After giving King Cetshwayo an ultimatum in December 1878 to disband the Zulu army, three British columns under Lieutenant-General Lord Chelmsford crossed the Thukela and Buffalo rivers in January 1879 and invaded Zululand.

He made three fatal errors. He badly underestimated his opponents, the terrain, and the weather.

On January 22, the Zulu army of 20 000 attacked and over-ran the British camp at Isandlwana, killing 1 357 troops, colonial and African volunteers. Although the British had superior weaponry, they were badly led, while the Zulu commanders were tactically astute – and the warriors showed great bravery, outflanking the British front line by using the famous horn’s of a bull strategy. About 1 000 warriors died.

On the British side, fugitives of the battle fled along a torturous route today known as the Fugitives’ Trail. Only those on horseback made it out alive.

All across the battlefield, below the sphinx-like mountain are cairns of white stones, marking the burial site of the British soldiers, often where they fell. There are many.

More sombre, we next went to Rorke’s Drift, where a British garrison stationed at the Swedish Mission station, fought an 11-hour battle against 4 000 Zulu warriors, later the same day and into the next. Warned that the Zulu army, led by King Cetshwayo’s half-brother Prince Dabulamanzi, was coming, the garrison was able to reinforce its defences with bags of mealies and biscuit boxes.

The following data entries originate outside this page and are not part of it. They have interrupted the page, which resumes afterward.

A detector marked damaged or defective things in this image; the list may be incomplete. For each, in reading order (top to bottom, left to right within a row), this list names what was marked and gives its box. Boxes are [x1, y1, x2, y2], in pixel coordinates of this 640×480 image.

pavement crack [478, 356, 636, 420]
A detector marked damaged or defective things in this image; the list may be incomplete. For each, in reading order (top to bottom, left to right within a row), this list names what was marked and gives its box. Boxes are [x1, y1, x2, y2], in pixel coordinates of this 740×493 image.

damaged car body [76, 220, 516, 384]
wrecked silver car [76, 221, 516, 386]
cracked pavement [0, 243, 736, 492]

The building housing the hospital was set alight and the defenders showed great courage in being able to evacuate most of the patients. Of about 150 defenders, 17 were killed in battle and of the remainder all had wounds of some sort. Eleven Victoria Crosses were awarded to the defenders of Rorke’s Drift.

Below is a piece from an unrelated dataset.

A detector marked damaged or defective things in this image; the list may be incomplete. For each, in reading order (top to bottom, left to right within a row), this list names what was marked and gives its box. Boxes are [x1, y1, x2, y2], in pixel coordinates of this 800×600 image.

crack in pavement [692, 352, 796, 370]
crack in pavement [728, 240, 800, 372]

Some historians believe the Zulu casualties were close to 1 000.

Before being guided around the battlefield, we again paid an entrance fee of R30 each, and ate our packed lunches from the hotel at a picnic spot. There is also a restaurant on site.

There is an excellent scale model of the battlefield that helps put things in perspective.

Here again, one could not help but be moved by the loss of life in war and the individual courage of soldiers and warriors in the opposing armies. I may be out of line here but I wonder if those fellow South Africans alive today, who so glibly talk of war and revolution, and torch buildings and property during protests, would do so after visiting these battlefields.

During the day, we bumped into several other tour parties, some from lodges in the area, of which there are several.

According to Hamman, the tours are still very popular with mainly British visitors, but in the past two years there has been a noticeable increase in the number of South Africans visiting the various battlefields.

Our group agreed it had been a worthwhile experience.